Henry Alabaster, 1836- 1884
by
Derick
Garnier
Henry Alabaster arrived in
Henry Alabaster was a brilliant student. He
won a scholarship to King’s College, later to become London University; he was
elected an Associate of the College and Senior Scholar, and studied
international law, engineering, surveying, construction and botany. He would
use his knowledge of all these subjects when he worked for the King in
developing the new city of Bangkok.
In 1856, there was no city of Bangkok. There was the Grand Palace and the
Temple of the Emerald Buddha within the huge, white walls. Outside there were a number of Buddhist monasteries scattered about among
the trees; and simple wooden houses floating on rafts along the banks of the
Chao Phraya river. For the rest there
was nothing but palm trees, orchards,
paddy fields and empty, waterlogged land. There were no roads, so people
travelled about by boat, or were carried if they were very grand. The only
Westerners were ships’ captains and missionaries.
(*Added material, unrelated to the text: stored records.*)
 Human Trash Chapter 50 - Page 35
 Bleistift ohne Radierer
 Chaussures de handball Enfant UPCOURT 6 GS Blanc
The British Consulate had just been built, of wood, on the site of the present
General Post Office, just off New Road. All the fittings had to be sent out
from England: locks, hinges, door handles and panes of glass; the journey often
took six to eight months. Wild life roamed the grounds: 13 varieties of snakes
and 27 kinds of butterfly were found in the garden. There was even a consular
gaol.
It must have been a depressing scene for the young Henry Alabaster when he
arrived as a deputy Consul in 1857. He was only 21 years old. He came as a
Student Interpreter and busily set abut learning the language. Interpreters were
needed because hardly any Thais spoke English. He soon made friends with Thai
scholars and began to study Buddhism. Eventually he wrote a book on the
Buddhist faith called “The Wheel of the
Law”, published in London in 1871 and widely praised. He became a friend of
King Mongkut and was allowed to read in the royal library. In 1868 he led a
British contingent of astronomers to Hua Wan, south of Hua Hinh, to view a
total eclipse of the sun predicted by King Mongkut, to which the King had
invited French astronomers, the Governor of Singapore and many others. At the
same time, he was appointed Acting Consul when the Consul was on home leave. He
also helped the Thais to survey the land and build roads; indeed he helped in
the construction of New Road, one of the first roads to be built out into the
country. “Day after day (he) went through the fruit orchards, and rice fields,
jumping ditches, wading through mud, surveying the ground to plot out these
roads.” (from the ‘Siam Repository’, the local English newspaper)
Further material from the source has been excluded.